Keywords:  6MWD, six-min walk distance; CADM; CADM, clinically amyopathic dermatomyositis; CT, computed tomography; DAD; DAD, diffuse alveolar damage; DLco, diffusing capacity of the lung for carbon monoxide; FVC, forced vital capacity; IVCY, intravenous cyclophosphamide; Lung histopathological pattern; MDA5; MDA5, melanoma differentiation-associated gene 5; MMRC, modified medical research council dyspnea scale; NSIP, nonspecific interstitial pneumonia; RP-ILD; RP-ILD, rapidly progressive interstitial lung disease

Year:  2016        PMID: 27354955      PMCID: PMC4910142          DOI: 10.1016/j.rmcr.2016.05.008

Source DB:  PubMed          Journal:  Respir Med Case Rep        ISSN: 2213-0071


Introduction

Anti-melanoma differentiation-associated gene 5 (MDA5) antibodies are specific indicators of patients with dermatomyositis, particularly clinically amyopathic dermatomyositis (CADM) [1], [2], [3], [4], [5], [6]. CADM is occasionally accompanied by fatal, treatment-resistant, rapidly-progressive interstitial lung disease (RP-ILD) [7], [8]. A few reports have shown that diffuse alveolar damage (DAD) is a histopathological finding in RP-ILD with anti-MDA5 antibody-positive CADM. However, these findings were confirmed only at autopsy [9], [10]. To our knowledge, this is the first case report to show a non-DAD pattern in RP-ILD with anti-MDA5 antibody-positive CADM, which was improved by immunosuppressive therapy.

Case report

A 32-year-old woman was referred to our hospital with a 4-week history of fever, cough, and erythematous eruptions.
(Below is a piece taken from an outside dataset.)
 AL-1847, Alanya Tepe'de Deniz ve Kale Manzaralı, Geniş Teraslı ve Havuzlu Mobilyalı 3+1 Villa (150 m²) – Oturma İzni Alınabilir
She was a never-smoker and had no significant medical history or environmental risk for respiratory disease. Her physical examination revealed a fever (38.3 °C), facial erythema and heliotrope rash (Fig. 1a), erythema over the V area of the neck (Fig. 1b), scaly erythema with ulceration over the elbow (Fig. 1c), knee, and dorsum of her hands (Gottron’s sign) (Fig. 1d), and skin thickening on the sides of her fingers (mechanic hands). There were no signs of muscle weakness. Fine crackles were heard in the bilateral lower lung fields. Arterial blood gas analysis showed normal partial pressure of oxygen and carbon dioxide (73.5 and 38.6 Torr, respectively). The alveolar-arterial oxygen difference was 28 mmHg. The serum levels of C-reactive protein and creatine kinase were not elevated. The serum levels of Krebs von den Lungen-6, lactate dehydrogenase, aldolase, and ferritin were increased (726 U/ml, 551 U/l, 10.0 IU/l, and 1269 ng/ml, respectively). Anti-MDA5 antibody was detected (40.7 U/ml > 8 U/ml). Other autoantibodies suggesting autoimmune disorders were not detected. A chest computed tomography (CT) scan showed peribronchovascular ground-glass opacities and bilateral subpleural reticular opacities (Fig. 2). A pulmonary function test indicated normal predicted value for forced vital capacity (%FVC) and decreased predicted value for diffusing capacity of the lung for carbon monoxide (%DLco) (%FVC 86.5%; %DLco 71.9%). Bronchoalveolar lavage was performed in right B9. The total cell count was 1.38 × 105 cells m−1, with a normal cellular profile and CD4/CD8 ratio (the percentage of neutrophils and lymphocytes were 2 and 0%, respectively). Microbial culture results from the sputum and bronchoalveolar lavage fluid were negative. Six-min walk distance (6MWD) was 285 m, with 96% of minimum arterial oxygen saturation measured by pulse oximetry. The modified medical research council dyspnea scale (MMRC) was 2. Magnetic resonance imaging of inferior retinaculum of extensor muscles demonstrated muscle edema that was consistent with myositis. In a muscle biopsy, findings of perivascular inflammatory infiltrate and perifascicular muscle fiber atrophy were obtained.
Fig. 1

Physical findings suggestive of clinically amyopathic dermatomyositis. a) facial erythema and heliotrope rash; b) erythema over the V area of the neck; c) scaly erythema with ulceration over the elbow; d) Gottron’s sign.

Fig. 2

Chest computed tomography. Peribronchovascular ground-glass opacities and bilateral subpleural reticular opacities.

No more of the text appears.